**Directions for this task**
Which lines below fall between the one containing "Welcome back to the" and the one containing "Here are five"? Repeat them exactly, counting both of those lines, and add nothing else.

*** Opening Exercise inputs ***

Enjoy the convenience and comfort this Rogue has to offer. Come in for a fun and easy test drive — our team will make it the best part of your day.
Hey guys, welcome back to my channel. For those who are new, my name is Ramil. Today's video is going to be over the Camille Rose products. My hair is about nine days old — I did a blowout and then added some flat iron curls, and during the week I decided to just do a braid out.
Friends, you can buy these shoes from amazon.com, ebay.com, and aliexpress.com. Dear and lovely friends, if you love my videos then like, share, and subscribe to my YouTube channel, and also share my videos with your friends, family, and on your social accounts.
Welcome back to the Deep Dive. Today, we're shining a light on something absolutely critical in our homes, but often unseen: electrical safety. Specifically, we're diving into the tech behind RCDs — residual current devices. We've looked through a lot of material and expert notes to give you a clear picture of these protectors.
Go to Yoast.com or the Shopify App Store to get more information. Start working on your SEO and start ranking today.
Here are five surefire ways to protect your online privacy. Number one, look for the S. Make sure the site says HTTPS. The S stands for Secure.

*** Closing Exercise inputs ***
*** Opening Exercise inputs ***

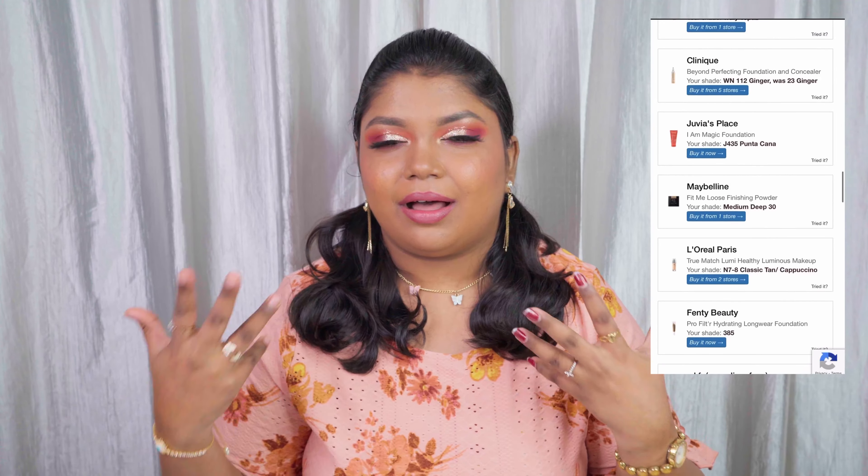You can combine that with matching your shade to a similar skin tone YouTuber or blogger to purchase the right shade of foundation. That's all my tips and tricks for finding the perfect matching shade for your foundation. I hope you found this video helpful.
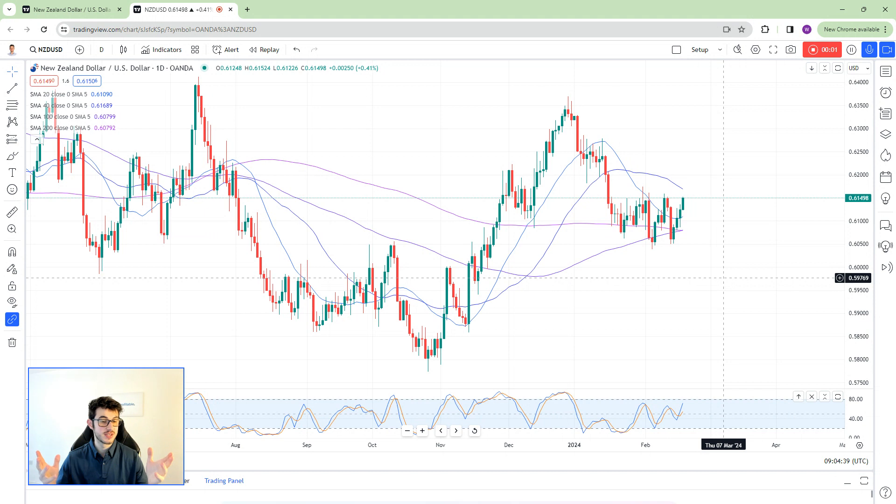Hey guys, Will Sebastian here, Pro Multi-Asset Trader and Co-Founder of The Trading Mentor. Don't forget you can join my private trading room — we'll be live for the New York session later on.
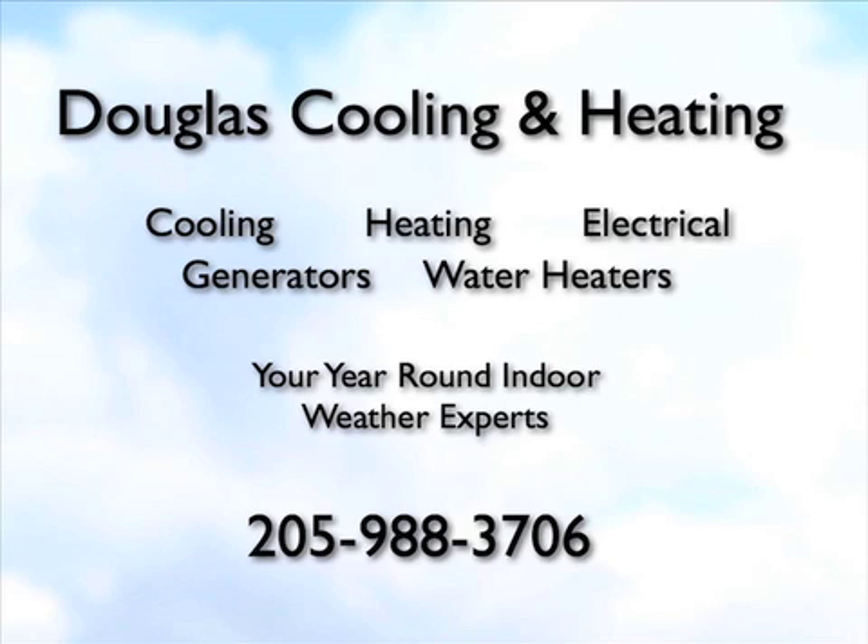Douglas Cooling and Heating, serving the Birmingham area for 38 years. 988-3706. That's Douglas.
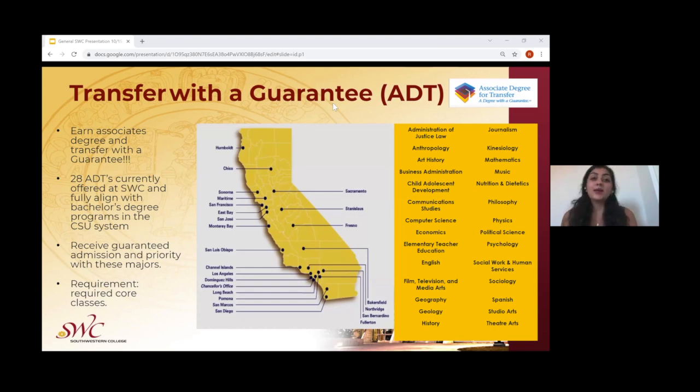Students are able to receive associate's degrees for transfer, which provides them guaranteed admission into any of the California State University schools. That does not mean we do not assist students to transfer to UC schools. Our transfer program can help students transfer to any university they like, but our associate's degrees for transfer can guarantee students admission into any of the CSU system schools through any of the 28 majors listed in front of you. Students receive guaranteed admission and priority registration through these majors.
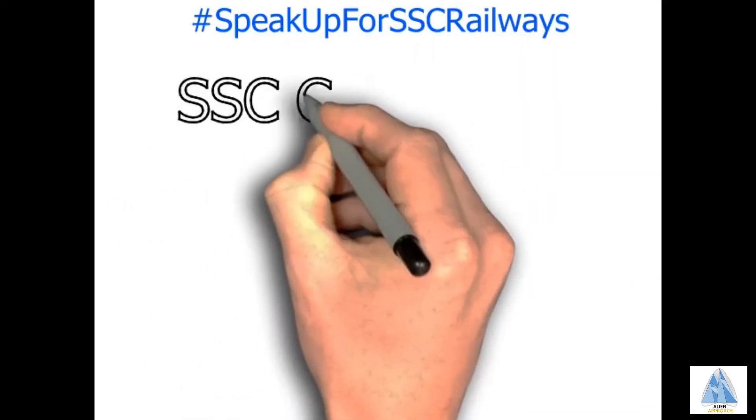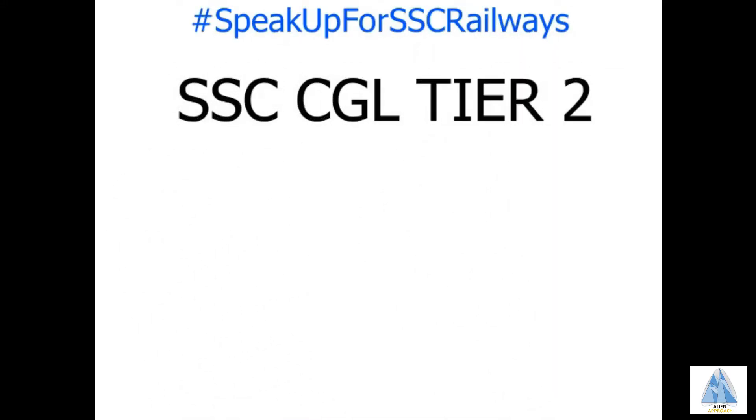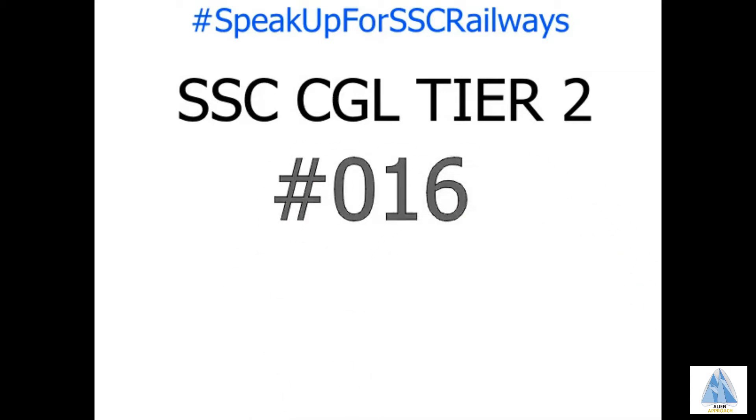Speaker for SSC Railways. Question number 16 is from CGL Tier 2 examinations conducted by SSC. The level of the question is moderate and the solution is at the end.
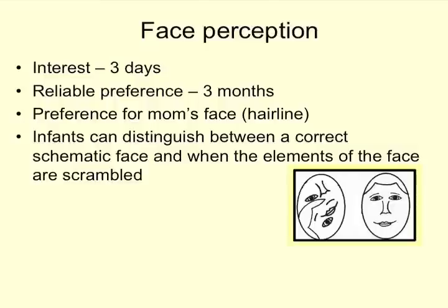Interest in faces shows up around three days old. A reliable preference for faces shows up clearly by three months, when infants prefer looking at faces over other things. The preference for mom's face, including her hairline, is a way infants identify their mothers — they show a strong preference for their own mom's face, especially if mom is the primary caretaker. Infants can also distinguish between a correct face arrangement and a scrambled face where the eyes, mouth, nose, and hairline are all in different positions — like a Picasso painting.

*** Closing Exercise inputs ***

**Solution**
Welcome back to the Deep Dive. Today, we're shining a light on something absolutely critical in our homes, but often unseen: electrical safety. Specifically, we're diving into the tech behind RCDs — residual current devices. We've looked through a lot of material and expert notes to give you a clear picture of these protectors.
Go to Yoast.com or the Shopify App Store to get more information. Start working on your SEO and start ranking today.
Here are five surefire ways to protect your online privacy. Number one, look for the S. Make sure the site says HTTPS. The S stands for Secure.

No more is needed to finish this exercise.